Feira em Pirituba nunca foi novidade. Quem caminha pelas encruzilhadas daqui sabe bem. A Feira faz parte da nossa memória, dos nossos (des)encontros, e há quem diga que sente falta se não der pelo menos uma passadinha e sentir essa apoteose de barracas, passos e cheiros. Mas a Pirituba City, a outra dentro daqui, também clama por sua Feira, não a do Monte Alegre, a da Santa Mônica a da Nova Esperança. Essas tem cheiro de gente, tem cheiro de chepa, e a Pirituba City reconhece que essa gente é humilde, lutadora, guerreira, ri até na tristeza, mas é bom evitar. É hora da Feira Busine$$, dos galpões, dos estacionamentos abarrotados de blindados, dos holofotes, do silêncio, da higiene, do stand pálido e de sorriso falso. Nada de “moça bonita não paga, mas também não leva”, de “pode chegar freguesa, que a fruta tá uma beleza”, nada de bermuda, pés descalços, cheiro de pastel, de peixe, de resto do fim.
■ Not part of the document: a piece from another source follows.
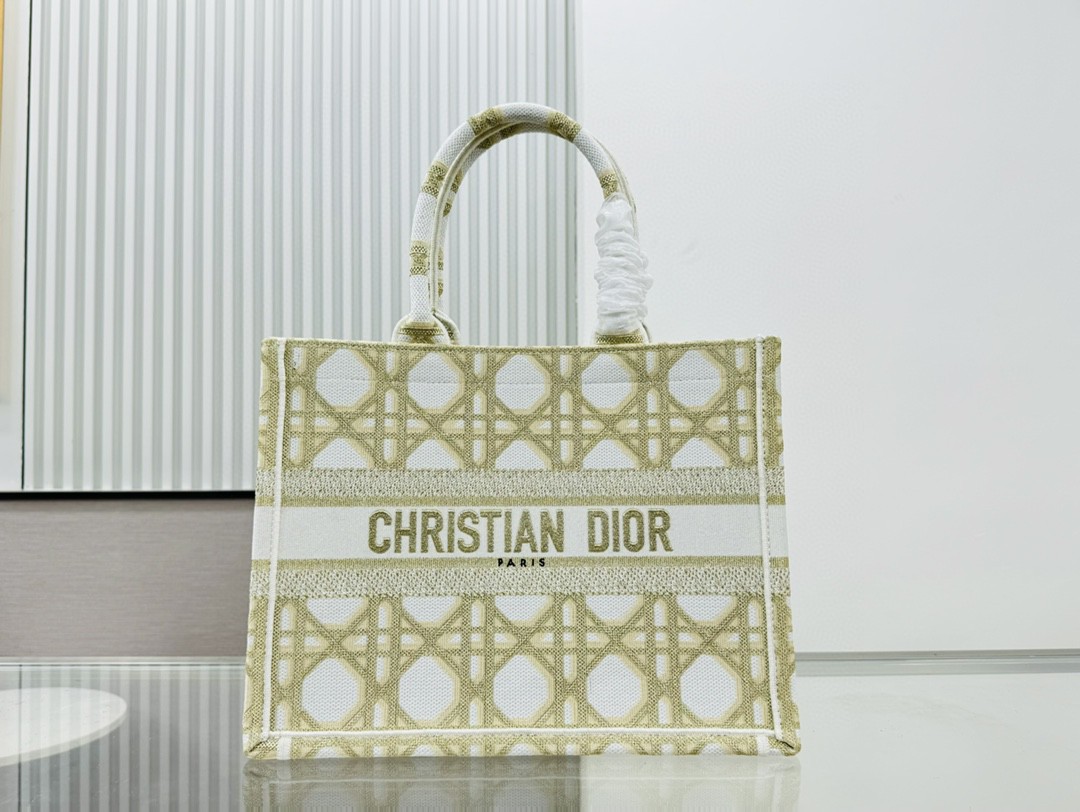 24SSクリスチャンディオール Book Tote ハンドバッグ 36CM 2404DAJ00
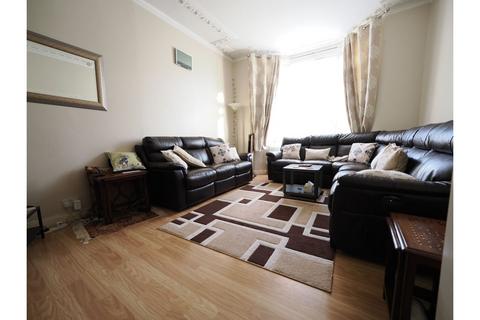 4 bedroom terraced house for sale, East Avenue, London, E12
A Feira Busine$$ em questão é a Expo 2020, considerada o 3º maior evento mundial atrás apenas da Copa do Mundo e das Olimpíadas, juntos os três mega eventos tem pautado a política espetáculo que tem administrado a cidade e privilegiado o investidor e o turista internacional em detrimento da participação da população paulistana, sobretudo no que diz respeito aos moradores das regiões mais afetadas pela espetacularização, como Itaquera e Pirituba, por exemplo. O tema apresentado para a edição São Paulo da Expo2020 é O Poder da Diversidade, Harmonia para o Crescimento, diversidade e harmonia aqui aparecem como sinônimos de consensualização uma vez que o processo de gentrificação, engendrado por eventos deste porte, não só negligenciam a participação popular - neste caso pelo menos 400 mil habitantes - como representam uma ameaça nefasta às suas respectivas formas de vida.
A chamada Feira Universal, ao trazer junto consigo um modelo genérico e mundializado de cidade em detrimento das especificidades imanentes aos modos de vida locais, se insere em uma conjuntura econômica internacional globalizada, na qual conglomerados transnacionais atuam através da descentralização da produção, explorando possibilidades de oferta de mão-de-obra barata, organizada através de franquias, subcontratações e terceirizações. Sobre este assunto, a arquiteta e urbanista Raquel Rolnik explica que “boa parte da produção contemporânea do urbanismo tem sido mobilizada para criar uma cenografia de tal forma que a cidade se transforme numa espécie de produto à venda num stand, fazendo parte de uma megaexposição global de cidades à procura de empresários transnacionais que decidam nela investir”. O que parece evidente se nos atentarmos ao trecho do vídeo de divulgação da Expo 2020 intitulado A cidade de todos, no qual podemos ler e ouvir os seguintes dizeres: Minha cidade é vibrante / Cheia de vida/ Cosmopolita, urbana, futurista / Uma das dez economias mais dinâmicas do mundo/ A economia criativa é muito forte aqui.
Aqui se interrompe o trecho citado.